Un système de chiffrement est dit :

  • à chiffrement symétrique quand il utilise la même clé pour chiffrer et déchiffrer ;
  • à chiffrement asymétrique quand il utilise des clés différentes : une paire composée d'une clé publique, servant au chiffrement, et d'une clé privée, servant à déchiffrer. Le point fondamental soutenant cette décomposition publique/privée est l'impossibilité calculatoire de déduire la clé privée de la clé publique.

Les méthodes les plus connues sont le DES, le Triple DES et l'AES pour le chiffrement symétrique, et le RSA pour le chiffrement asymétrique, aussi appelé chiffrement à clé publique.

L'utilisation d'un système symétrique ou asymétrique dépend des tâches à accomplir. La cryptographie asymétrique présente deux intérêts majeurs : elle supprime le problème de transmission sécurisée de la clé, et elle permet la signature électronique. Elle ne remplace cependant pas les systèmes symétriques, car ses temps de calcul sont nettement plus longs et la cryptographie asymétrique est par sa nature même plus vulnérable[réf. nécessaire].

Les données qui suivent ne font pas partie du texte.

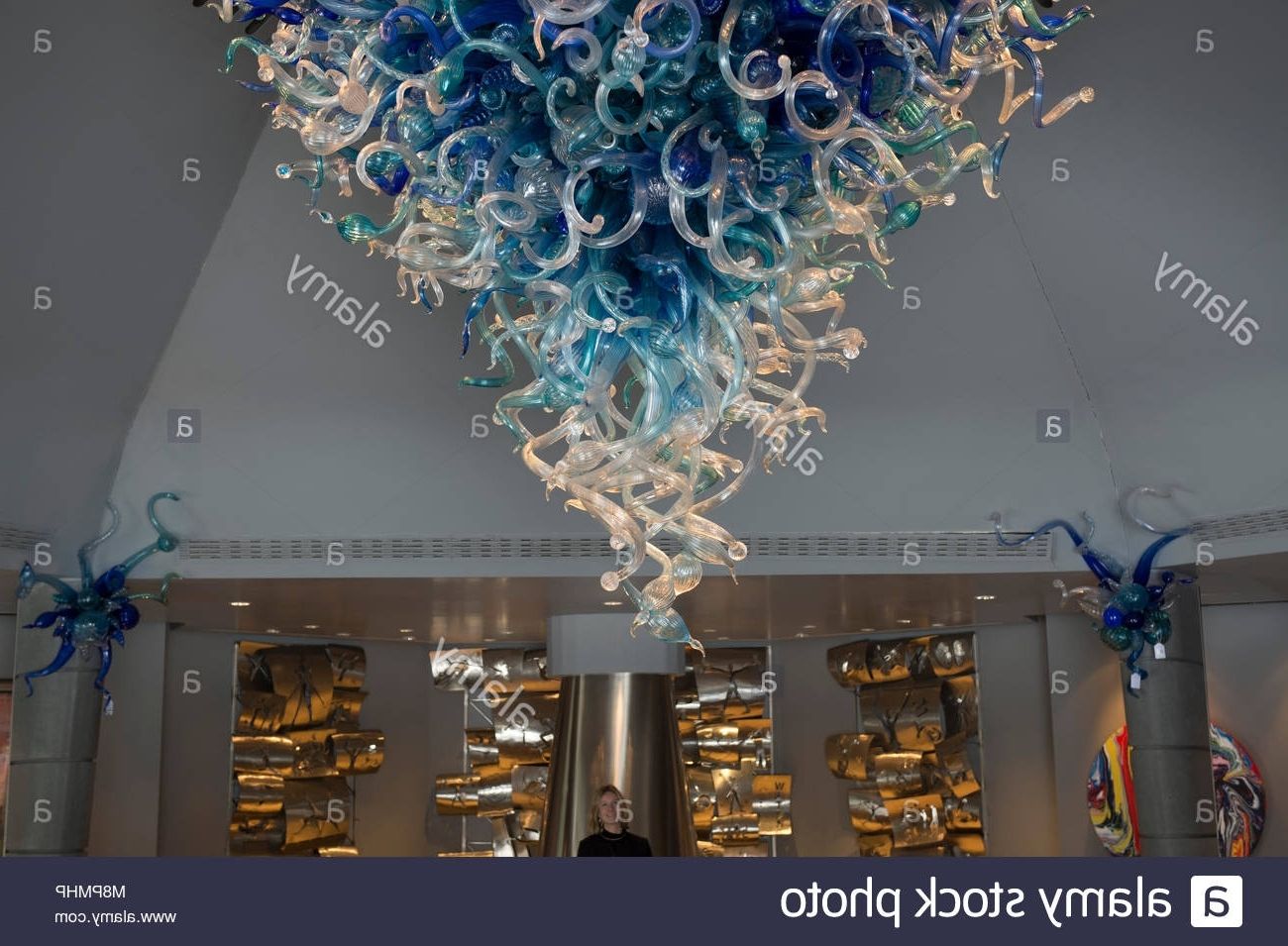 Most Current Dale Chihuly Massive Chandelier Stock Photos & Dale Chihuly Massive Inside Massive Chandelier (View 13 of 20)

Une solution hybride consiste à créer une clé de session aléatoire, invisible à l'utilisateur final, chiffrer de façon symétrique le document à protéger avec cette clé de session, puis à chiffrer cette clef de session avec la clef publique du destinataire avant de la détruire et enfin d'envoyer dans un seul fichier le document chiffré symétriquement et la clé de session chiffrée avec la clé publique. Il reste alors au destinataire à calculer la clé de session grâce à sa clef privée afin de l'utiliser pour déchiffrer le document original. Une clé de session étant nettement plus petite (256 bits = 32 octets) qu'un document pouvant atteindre plusieurs dizaines de mégaoctets, on a les avantages de la rapidité et la robustesse d'un bon algorithme de chiffrement symétrique avec les avantages du chiffrement asymétrique.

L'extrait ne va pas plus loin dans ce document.